At home, I pulled up the final PDF/X file. Yup, there were the weird spaces. I pulled up the regular PDF file, the one I had converted from. No weird spaces. I tried the conversion again. The spaces appeared again. To this day I have no idea why they appeared in this conversion, when they did NOT appear in the family edition version. It is a technical mystery that is baffling me. But I had to find some way to fix it, because I could not let the book stay out in public the way it was.

So I went into the PDF/X file and painstakingly found every instance I could of the spacing. I went through the document twice, and used the Text Touch-Up tool to fix it. It took hours over the space of several days. But I finally had a version with no weird spaces. I uploaded the new files—even though I knew it would cost $25 per version to change the interior after I had Approved it.

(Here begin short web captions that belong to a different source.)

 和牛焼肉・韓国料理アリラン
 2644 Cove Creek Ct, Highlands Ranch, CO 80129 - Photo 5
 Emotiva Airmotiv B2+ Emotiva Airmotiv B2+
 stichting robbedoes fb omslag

The second set of e-proofs came in and I vowed to go through the text this time, not just flip through. And I found more space issues. They were more apparent in the e-proof because the font was slightly thinner, enlarging the space between letters. I checked the file I had uploaded. Yup, there they were—not as glaring as the ones I had fixed, but noticeable now that I was attuned to them.

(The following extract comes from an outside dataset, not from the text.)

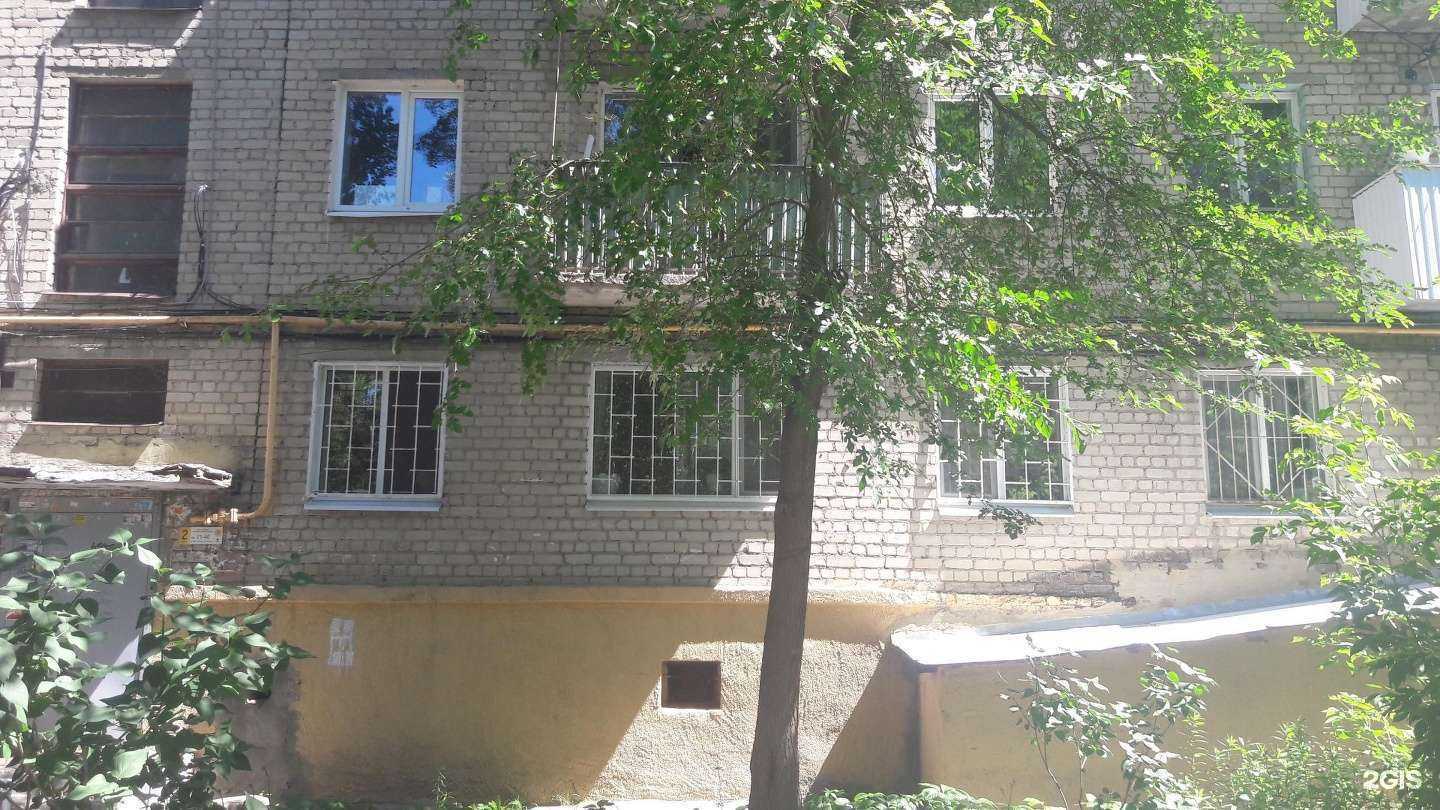 Отзывы на компанию Престиж в Саратове c фото - фотография 2 из 2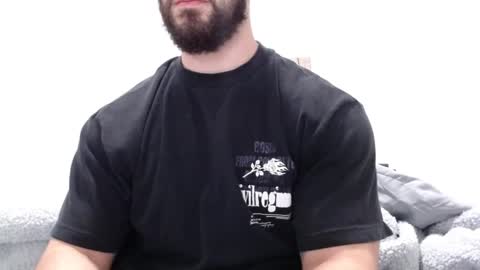 Snapshot of jay_slayz chatting on 12-03-24, 04:03 jay_slayz online show from 12-03-24, 04:03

So I fixed the PDF/X again. More (but fewer) hours. Another upload (but this time no fee because I was still in the Approval process).

Third set of e-proofs. I combed through the proof and all was looking good—until page 167. I found a space I missed. And another space on page 304. And another on page 338. But that’s all. Just three spaces.

Did I go in and fix them again?

Yes, I did. (You knew I would, right?) And I also found another space I had missed, and a misspelled name that had escaped both the copyeditor and me. And then I uploaded PDF/X #4.

I am waiting for this set of e-proofs, but I think I have finally gotten to where this result is “good enough.” Nothing can ever be perfect, so there comes a time when you need to let it go. I am at that point (barring some glaring error) with this project. I have spent all the time I want in getting this as close to perfect as I can. No doubt some of you are thinking I have spent far too much time on it, given the small rate of return I expect. But I think my time was worth it. Why?

Because publishing is a business and everything I put out reflects on my brand.


So I have to make it good.


What do you think? Am I conscientious or completely obsessive? When do you get to feeling that it’s “good enough”?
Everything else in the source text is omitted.